Olive Oil Award - Consumer Test

History

It startet in 2001. The Sensory Science Group within the Institute for Food and Beverage Innovation (ILGI) at ZHAW - University of Applied Sciences Zurich (former: HSW), in the context of the specialized exhibition „Gourmesse“ in Zürich, took part in a competition concerning „extra virgin“ olive oil. On this occasion the ZHAW rendered scientific support with the tasting (sensory analysis) of 30 extra virgin olive oils by experts and consumers.

At the end of February 2002 for the first time ever a sensory evaluation of Olive Oils took place, the 1st International Olive Oil Award - Zurich 2002 (IOOA), organised by the ZHAW. The extra virgin olive oils were then tasted, judged objectively and awarded by an international panel of experts (Golden Olive / Silver Olive). 

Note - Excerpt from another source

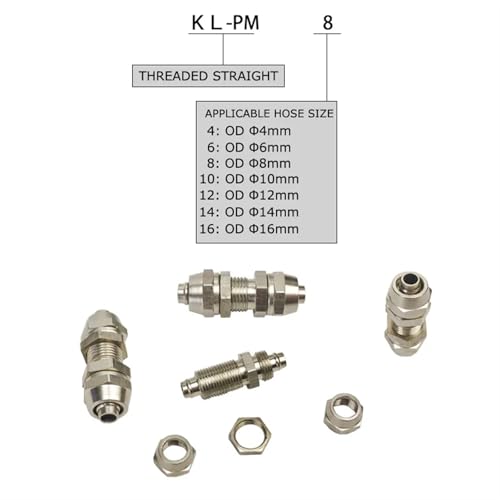 Conector neumático KL-PM10 racor de aire recto metálico de 10mm 4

Since that time, the Olive Oil Award is a unique competition, which also includes the liking of consumers in addition to the professional judgment of a jury.

OLIO - Public Favourites

Extra virgin olive oils which reach the final round of the Olive Oil Award – Zurich additionally take part in a consumer test (acceptance test) in the same calendar year, which aims for the identification of public favourites.

This hedonic test takes place on the occasion of the Gourmesse Zurich and collects at least 90 consumer opinions per olive oil in order to provide reliable statistical data. The most preferred olive oils receive the “OLIO”, a public popularity prize.

Additionally all participating “extra virgin” classified olive oils of the Olive Oil Award are exhibited at the Gourmesse Zurich and can be tasted by visitors at the Olive Oil Bar.

Best Design

Since 2013, the special award for "Best Design" for the most popular/attractive package will be awarded. As experts use different focus, the prize will be awarded as a pure public vote. Any visitor of the Gourmesse Zurich has one vote to choose the attractive bottle or can - from a personal perspective.